The Federal Highway Administration and American Association of State Highway and Transportation Officials conducted a joint review of Trinity Industry Inc.'s ET Plus guardrail end cap from late last fall through this spring.
'From the federal perspective, it's good to go,” said Steve Gent, Iowa Department of Transportation director of traffic and safety. 'We see it as a done issue since the ruling came out.”
The ET Plus is one of several guardrail end treatment products used in Iowa. It's a steel plate that slides on to the end of a guardrail, often found near a bridge approach, including along interstates 380 in Cedar Rapids and Interstate 80 in Iowa City.
A federal whistleblower lawsuit filed in Texas claimed the ET Plus design was secretly altered, causing a defect where guardrails speared vehicles rather than working as intended to shove them away in the event of a head-on crash.
The federal results released last month showed the product passed a battery of tests conducted in two rounds earlier this year. In total, Eight The tests measured a variety of criteria, such as occupancy risk, structural adequacy and vehicle trajectory.
The review means the ET Plus remains eligible for federal reimbursement, Gent said. Most states had banned, suspended or removed the product, but Iowa had not.
Last fall, Gent said Iowa was monitoring the situation until federal testing was complete. He acknowledged the federal review could force the removal and replacement of about 1,200 ET Plus products statewide, which could have cost $2.4 million to replace.
'If something was substandard we'd have to get out there and get it fixed,” Gent said Thursday. 'That's not good to for us. It's not good for taxpayers. It's not good for anyone.”
Gent said the product remains eligible for use by contractors in Iowa. Jeff Eller, a spokesman for Dallas-based Trinity, said the company discontinued shipping ET Plus in October but will make a decision soon whether to resume.
Despite the federal review, ET Plus continues to face new lawsuits. An Arizona family Thursday sued Trinity, claiming the product is to blame in a man's death last year, according to ABC15 in Arizona.
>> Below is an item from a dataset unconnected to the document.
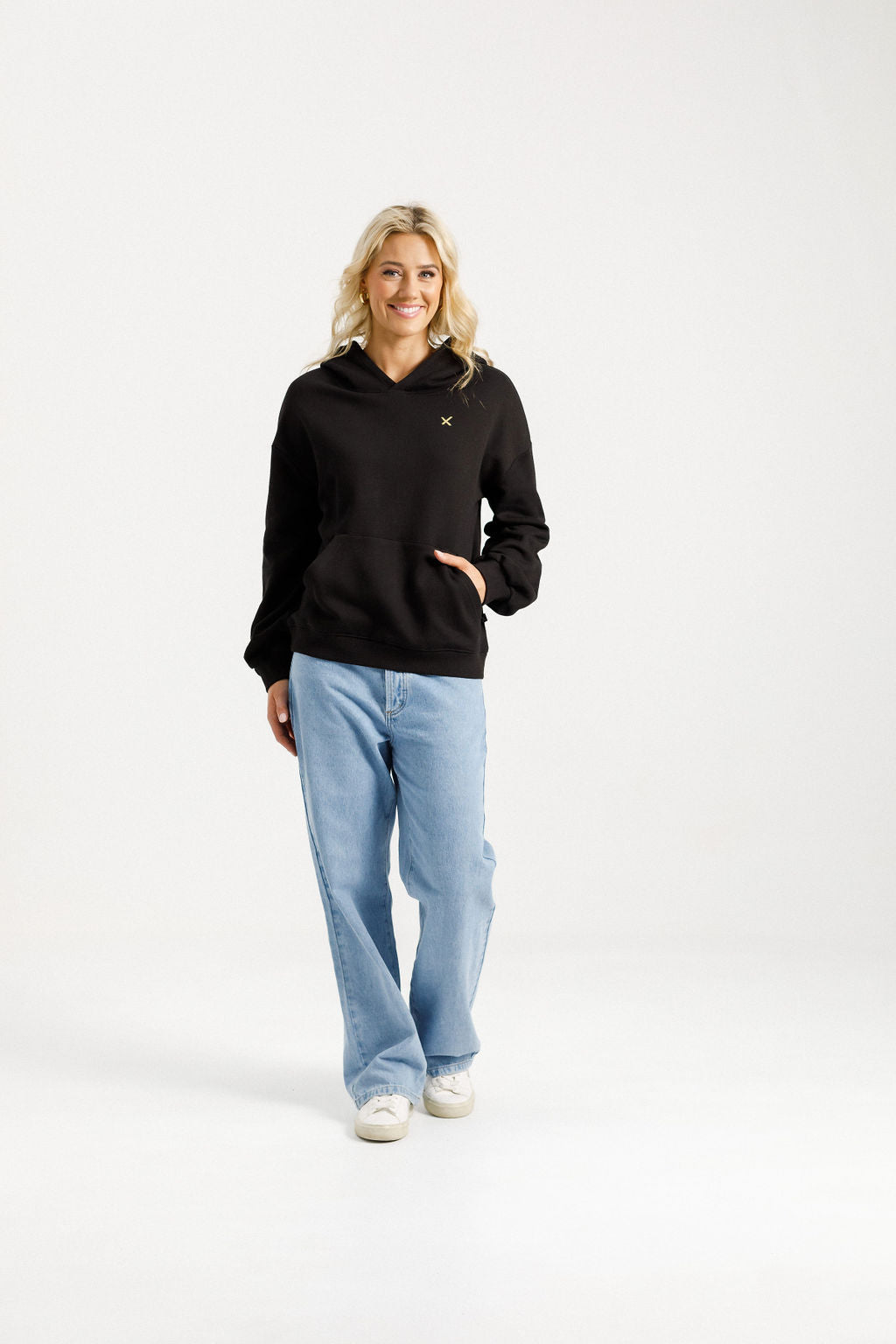 Coming Soon - Elliot Hoodie - Alpine Weight - Black with Gold X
The Chicago Tribune reports eight deaths have been tied to ET Plus through lawsuits.
The Texas A&M Transportation Institute invented the product in 2000 and licensed it through Trinity, according to the Federal Highway Administration.
'We're pleased - and not at all surprised - that the ET Plus performed so well in these tests,” Dean Alberson, the institute's assistant agency director and a research engineer, said in a news release. 'This independent testing - the most rigorous ever applied to any guardrail end-terminal system -... plus 15 years of roadside experience vindicate our confidence in the ET Plus.”
Adam Wesley/The Gazette An ET Plus end terminal is shown last fall by the Dubuque Street overpass over Interstate 80 in Iowa City. This end piece of the guardrail had been banned over safety concerns in other states, but not in Iowa. Iowa will continue using the ET Plus after the product passed a recent battery of federal safety tests.